On April 15, 2019, the U.S. Supreme Court will hear oral arguments in the high-profile Andrei Iancu v Erik Brunetti trademark case. Specifically, the Court will examine whether banning trademark registrations for "immoral" and "scandalous" marks violates the Free Speech Clause of the First Amendment.  

Speaking to Intellectual Property Magazine, Dyan Finguerra-DuCharme, a partner in Pryor Cashman's Trademark practice opined, "The First Amendment should trump any government interest in allowing not only disparaging marks, but also purported 'immoral' or 'scandalous' marks to register." "If a consumer is offended by the product name," she added, "then they don't have to buy it, but it shouldn't be up to the government to determine that a mark is so 'scandalous' that it is undeserving of a trademark registration." 

Background 

Brunetti comes before the Supreme Court after Erik Brunetti sought federal registration for the mark 'FUCT' in connection with a clothing line he started in 1990. The US Patent and Trademark Office (USPTO) refused registration under the Lanham Act, on grounds that the mark would be perceived as equivalent to the vulgar word for which it is a homonym. This decision was later affirmed by the USPTO's Trademark Trial and Appeal Board. 

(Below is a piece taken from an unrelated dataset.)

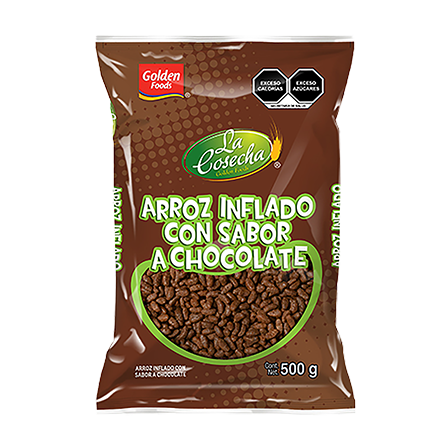 Cereal Golden 500Gr Arroz Chocolate                                                                 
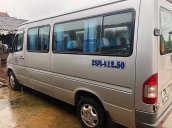 Chính chủ bán lại xe Mercedes Sprinter 311 2007, màu bạc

In December 2017, the Court of Appeals for the Federal Circuit held that the Lanham Act's ban on the registration of immoral or scandalous trademarks, which has guided federal registration decisions for 113 years, is unconstitutional under the First Amendment. 

In response, the USPTO argued that the Federal Circuit's ruling was incorrect and warranted Supreme Court review.  

Brunetti follows the widely-publicized Matal v Tam dispute, where a court held in June 2017 that the same section of the Lanham Act used to prohibit the federal registration of "disparaging" trademarks violates the First Amendment.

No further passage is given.